Time Series – Understanding Autocorrelation of Discrete Time Series

autocorrelationcategorical datacorrelationpearson-rtime series

I am currently planning on calculating the autocorrelation for various lags given a time series. However, my elements of the time series are "discrete" and abstract classes; i.e., no integers.

For example, my series could look like:

class A, class B, class A, class A …

Of course I could now say that class A = 1 and class B = 2 and then use the common Pearson correlation way for determining the autocorrelation. However, this seems to be problematic to me, because the value of the number does not express anything.

Is there some way around this?

Best Answer

With nominal categories, the concept of autocorrelation can be a little tricky, but there are ways to measure the tendency of values from the different categories to occur together.

If we consider observations from classes A and B, it's relatively easy to calculated a tendency of values in a class to 'clump together' (a kind of positive association) or avoid each other (a kind of negative association) in comparison to a pure independent identically distributed sequence.

One approach might be to consider a statistic based on the total number of runs - that is, adapt the statistic from a Wald-Wolfowitz* runs test, perhaps by standardizing the number of runs (yielding a Z-score). However, you may want to "flip the sign" so that positive Z implies positive association.

Alternatively we might try to convert the number of runs to some correlation measure, but the difficulty is that if the least possible number of runs maps to $\rho=1$ and the largest possible number of runs maps to $\rho=-1$, and complete independence maps to $\rho=0$, the correlation must in general be some nonlinear function of the number of runs.
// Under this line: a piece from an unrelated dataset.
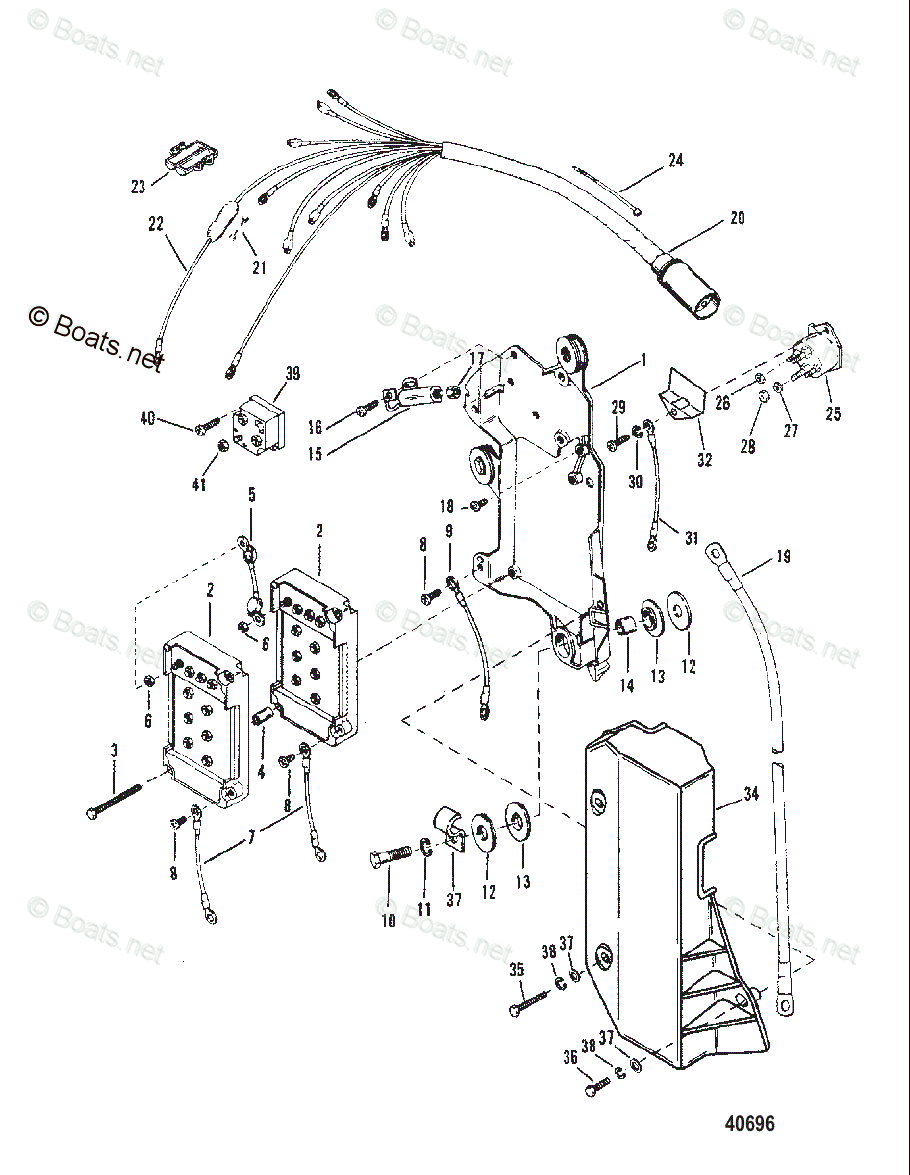 Mariner Outboard 1989 Oem Parts Diagram For Wiring Harness Starter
With more than two categories, the idea of using the number of runs can be extended, either

i) by constructing something more akin to a chi-square statistic (a sum of terms like $\left(\frac{R_i-E(R_i)}{S_i}\right)^2$, where $S_i$ is adjusted for the fact that the numerators are dependent); or

ii) by simply basing a statistic off the total number of runs. The distribution of the total number of runs is discussed in

Barton, D.E. and F.N. David (1957),
"Multiple Runs,"
Biometrika, Vol. 44, No. 1/2 (Jun.), pp. 168-178

and so for example, an asymptotic normal approximation is given (top p171), with formulas for the mean and variance of the number of runs also in the paper.

The approach in (i) has the disadvantage that low values indicate lack of serial dependence, and high values indicate either clumping of like terms or self-avoidance (anti-clumping); if that's a problem, the approach in (ii) may be preferable.


If we consider only two categories, of course, we can treat it as binary and compute a Pearson (auto)correlation.

This is effectively a Phi coefficient.


* The Wald-Wolfowitz runs test was not invented by Wald and Wolfowitz, but that's how it often goes.